*Names in bold indicate Presenter
Using the within-study comparison of Shadish, Clark & Steiner (2008) and the ECLS-K dataset, we investigate three research questions: First, how important is it to have a large and heterogeneous set of covariates? Second, how important is it to sample multiple items per domain? And since each data set enables us to identify the likely true selection process, the third question we address is: How much bias reduction is achieved by failing to include the most effective covariates in the set used to correct for selection bias? Thus, will a large and heterogeneous set of covariates compensate for the absence of the most effective covariates? These questions get at what can be known about bias reduction when theory about selection is meager but the number and dimensionality of covariates independently vary.

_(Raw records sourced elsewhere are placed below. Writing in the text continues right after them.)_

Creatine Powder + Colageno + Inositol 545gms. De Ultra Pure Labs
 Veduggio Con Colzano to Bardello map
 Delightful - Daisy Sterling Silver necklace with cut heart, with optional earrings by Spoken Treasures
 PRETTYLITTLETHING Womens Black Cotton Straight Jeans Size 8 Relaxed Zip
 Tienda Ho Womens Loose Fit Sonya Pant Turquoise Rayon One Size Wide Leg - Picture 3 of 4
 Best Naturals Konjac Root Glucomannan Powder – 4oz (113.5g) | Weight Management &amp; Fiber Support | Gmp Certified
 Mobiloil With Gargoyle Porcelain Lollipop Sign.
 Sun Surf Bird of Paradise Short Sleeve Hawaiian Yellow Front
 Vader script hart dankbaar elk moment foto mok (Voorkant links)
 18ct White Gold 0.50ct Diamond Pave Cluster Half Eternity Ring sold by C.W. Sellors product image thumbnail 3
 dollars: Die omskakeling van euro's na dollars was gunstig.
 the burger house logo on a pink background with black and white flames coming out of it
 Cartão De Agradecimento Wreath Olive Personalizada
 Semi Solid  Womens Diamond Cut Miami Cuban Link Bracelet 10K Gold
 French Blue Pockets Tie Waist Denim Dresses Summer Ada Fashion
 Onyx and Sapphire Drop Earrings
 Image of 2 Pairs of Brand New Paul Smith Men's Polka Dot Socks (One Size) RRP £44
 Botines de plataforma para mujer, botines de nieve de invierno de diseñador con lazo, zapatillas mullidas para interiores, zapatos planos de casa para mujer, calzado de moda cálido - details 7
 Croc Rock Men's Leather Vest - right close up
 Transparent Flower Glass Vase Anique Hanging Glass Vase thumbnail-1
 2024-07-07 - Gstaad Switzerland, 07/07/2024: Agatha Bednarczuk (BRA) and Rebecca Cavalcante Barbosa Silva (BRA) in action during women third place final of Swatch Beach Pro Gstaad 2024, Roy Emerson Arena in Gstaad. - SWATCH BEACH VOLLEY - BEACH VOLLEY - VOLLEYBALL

The results from both studies, the within-study comparison and the ECLS-K dataset, indicate that bias reduction increases as the number of covariates per domain increases, though at a diminishing rate. Sampling covariates from multiple heterogeneous construct domains also increases bias reduction and is more important than having many measurements of a few domains only. Combining the maximal heterogeneity sampled and at least five items per domain reduces almost all the bias in the two educational data sets examined. When the most effective single covariates are deliberately omitted – which no analyst would ever do in practice -- bias reduction again increases as a joint function of the heterogeneity of domains and the number of items per domain, but it is open to debate whether the level of bias reduction achieved is acceptable or not. This is hardly the case when what turn out to be the crucial covariates are included among the covariates sampled.